= Iván Brun =

Argentine footballer (born 1984)

Iván Alejandro Brun (born 19 January 1984) is an Argentine professional footballer who plays as a goalkeeper for Independiente Petrolero.

==Early life==
A native of Lobos, as a youth player Brun joined the youth academy Huracán de Parque Patricios.

==Career==
Ivan Brun is started his career in 2004 with Deportivo Español, before plying for Deportivo Madryn, Coreano de Lobos, Cruz del Sur de Bariloche, Boca de Río Gallegos, Tristán Suárez, and Sportivo Desamparados de San Juan, all in Argentina, before signing for Bolivian side Petrolero, where he was regarded as an idol. He conceded thirty-three goals and scored one goal during his first twelve games for the club. After that, he signed for Universitario de Sucre. However, he suffered unpaid payments while playing for the club.

Before the 2019 season, Brun signed for Ecuadorean side Olmedo, where he suffered a cranial contusion after colliding with a teammate during a league game. He also suffered unpaid payments while playing for the club due to their financial problems. Despite this, he was regarded as one of the standout players in the Ecuadorian top flight during the 2019 season. Before the 2020 season, he signed for Mushuc Runa. In 2021, he returned to Universitario de Sucre in Bolivia.

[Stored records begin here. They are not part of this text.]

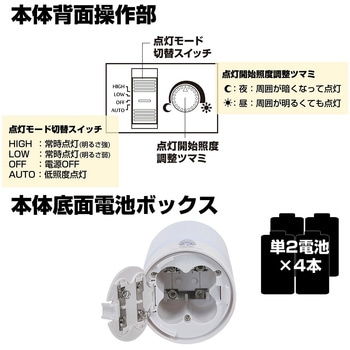 もてなしライト・据置(小) ELPA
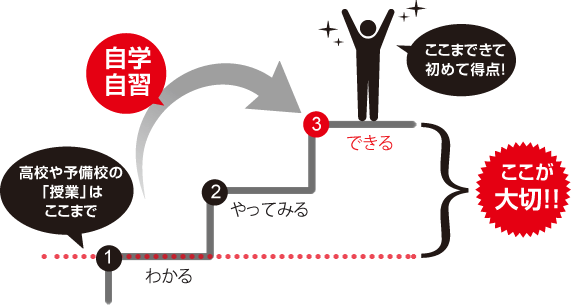 「できるようになる」という段階までもっていくには、 何度も繰り返し同じ問題や似たような問題を解き、問題の解き方や考え方を忘れないようにして、「実際にやってみる」ことで「できるようになる」ようにしなければいけません。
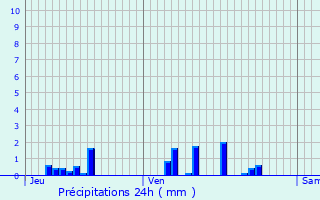 Graphique des précipitations prvues pour Barenton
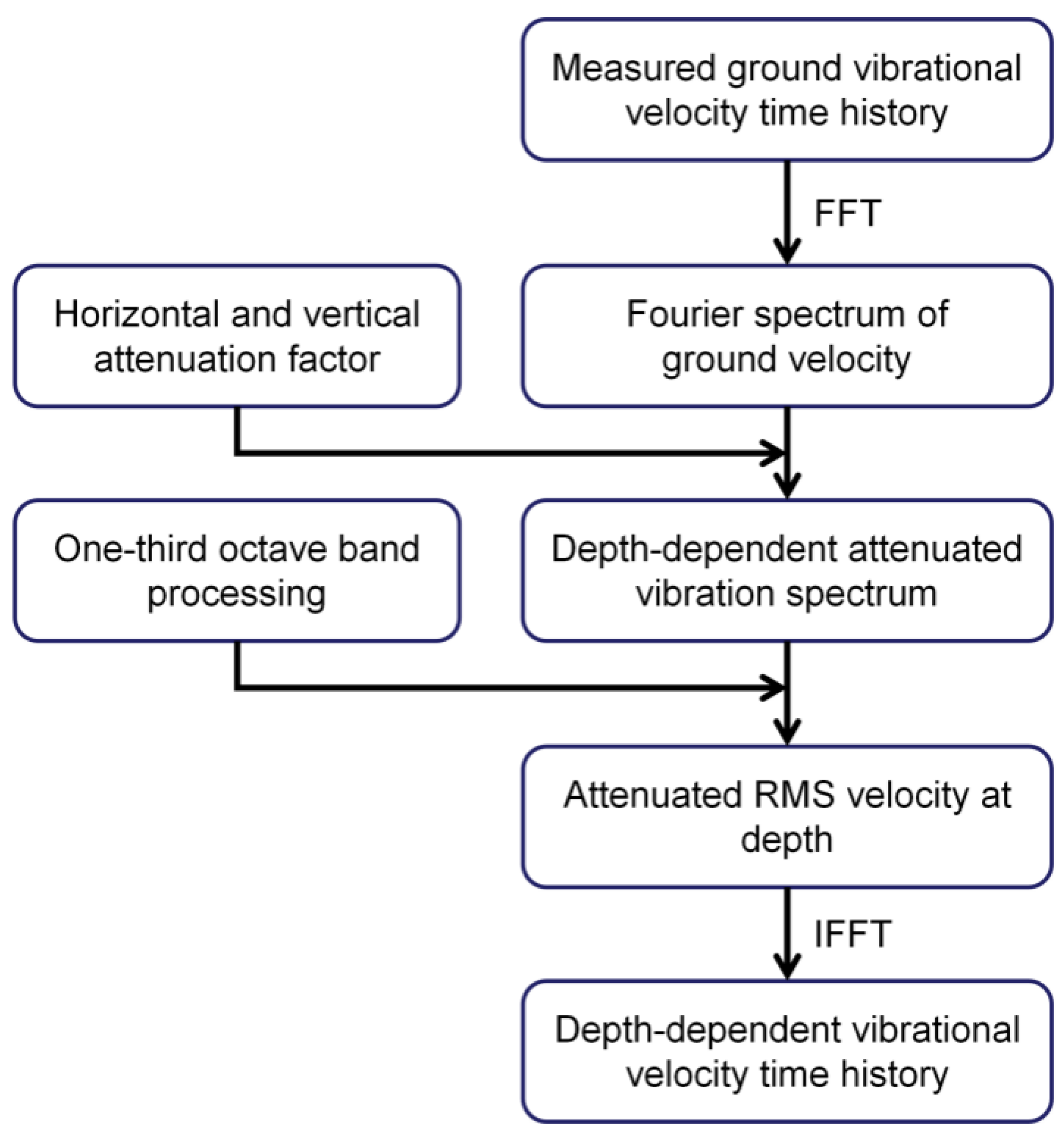 Buildings 14 01215 g002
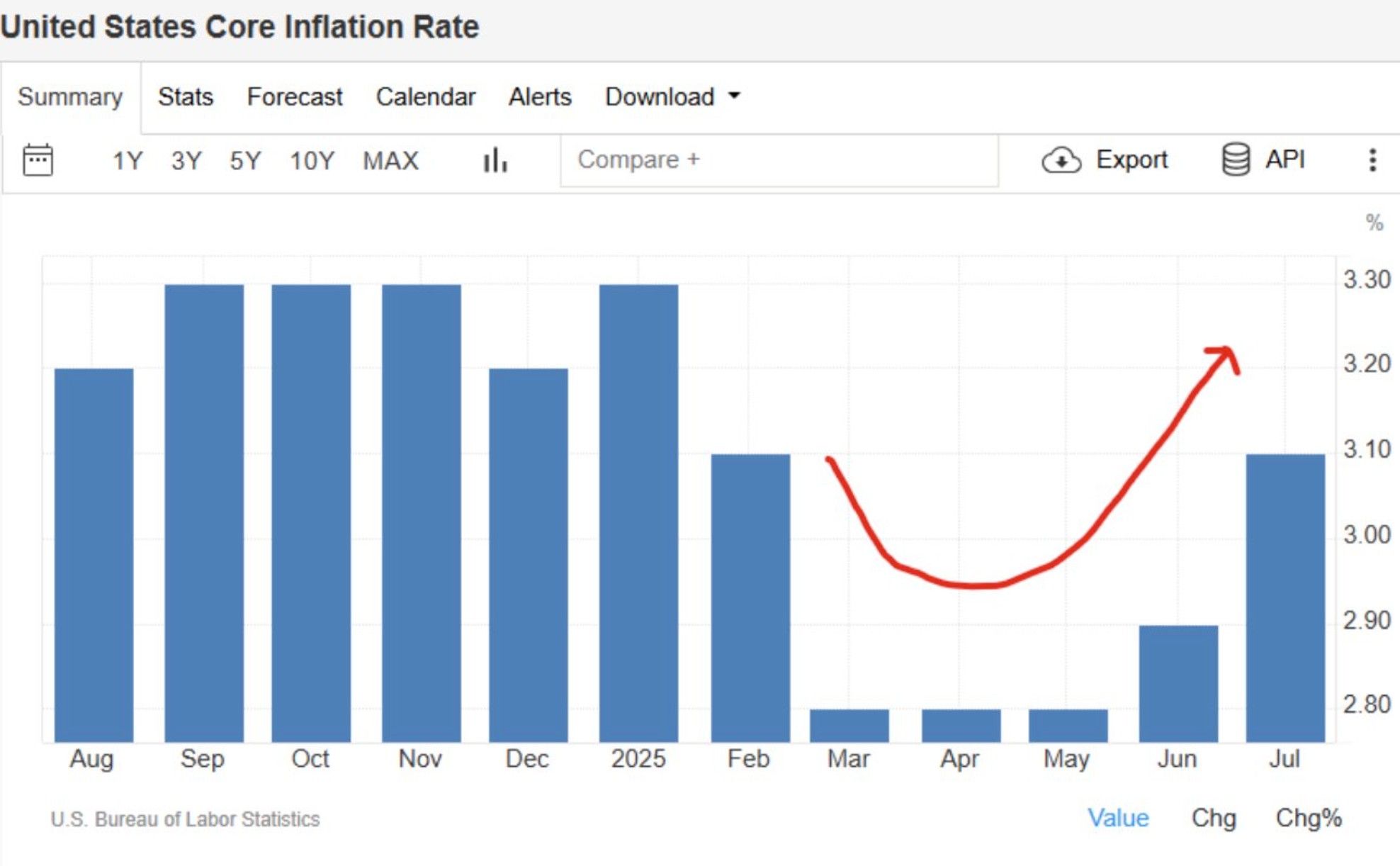 Another look at us core inflation...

Before the 2023 season, he signed for Independiente Petrolero after being the "undisputed starter" for Universitario de Sucre during the 2022 season, playing thirty-nine of the forty-two games that season including the promotion-relegation games against Libertad Gran Mamoré.

==Style of play==
Brun is known as a goalkeeper who is a free-kick specialist. He has scored nine free-kicks during his career to date. He has been compared to Paraguayan goalkeeper free kick-specialist José Luis Chilavert. is also known for his reflexes and ability to handle dead ball situations.